### YOUR OBJECTIVE
Please repeat every record exactly, leaving out any pictures.

### MATERIAL FOR THIS EXERCISE
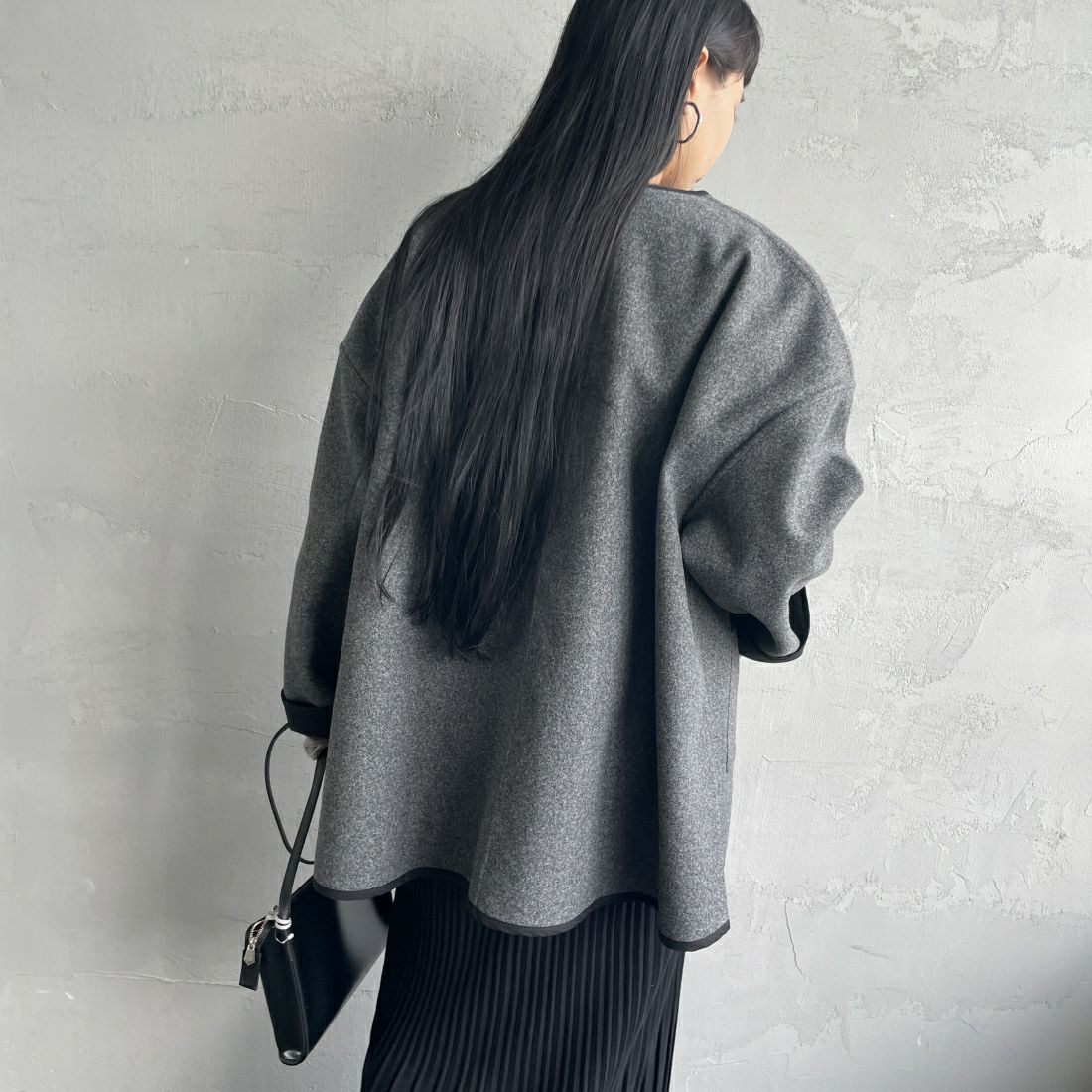 By/m [バイエム] リバーシブル配色ラインコート [B24132056] 08 CHR/BLK &&モデル身長：156cm 着用サイズ：F&&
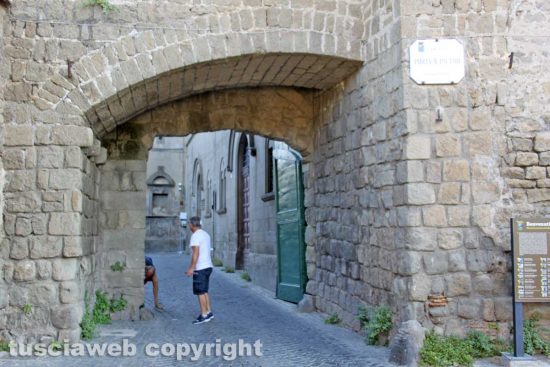 Porta San Pietro - Restauratori al lavoro
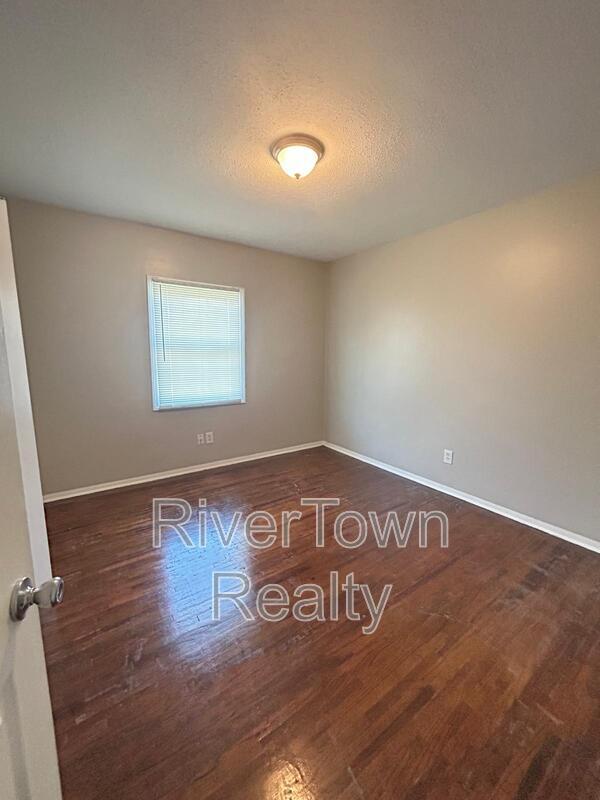 Building Photo - 140 E Shelby Dr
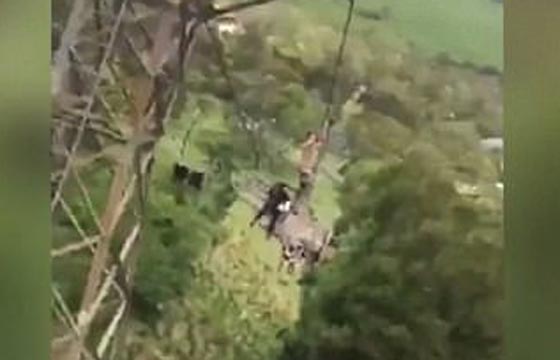 بالفيديو.. سقوط صبي يمارس تمارين أعلى تلفريك صورة رقم 3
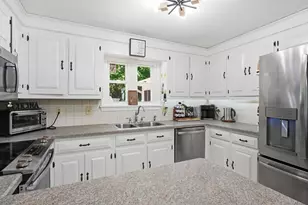 64 Senator St, Springfield, MA 01129 - Photo 5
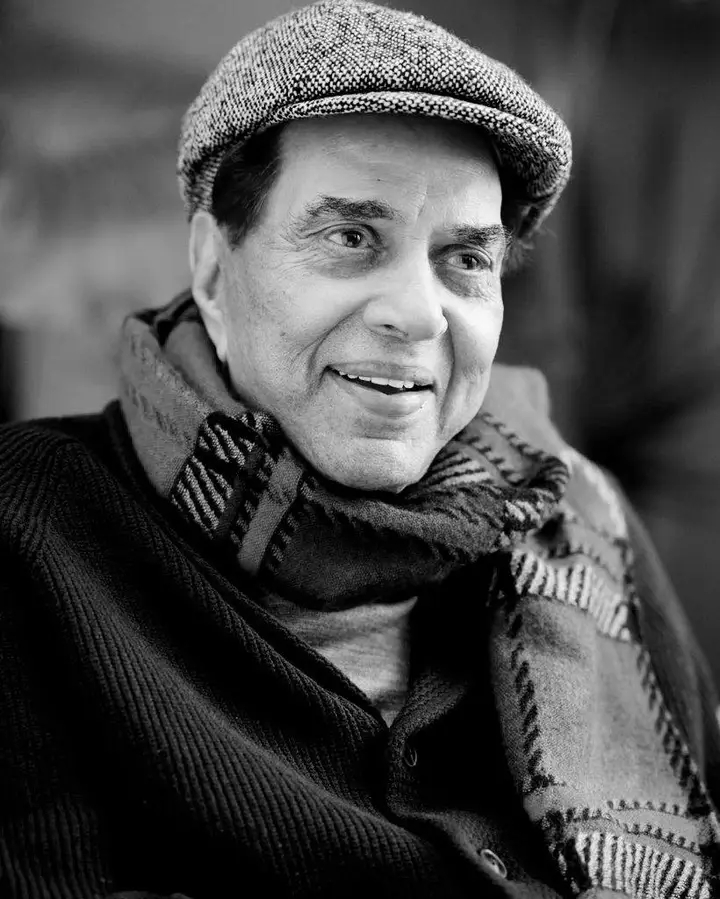 बॉलीवुड आइकन धर्मेंद्र का निधन, 90वें जन्मदिन से पहले बुझ गया एक चमकता सितारा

### EXERCISE OUTPUT
 By/m [バイエム] リバーシブル配色ラインコート [B24132056] 08 CHR/BLK &&モデル身長：156cm 着用サイズ：F&&
 Porta San Pietro - Restauratori al lavoro
 Building Photo - 140 E Shelby Dr
 بالفيديو.. سقوط صبي يمارس تمارين أعلى تلفريك صورة رقم 3
 64 Senator St, Springfield, MA 01129 - Photo 5
 बॉलीवुड आइकन धर्मेंद्र का निधन, 90वें जन्मदिन से पहले बुझ गया एक चमकता सितारा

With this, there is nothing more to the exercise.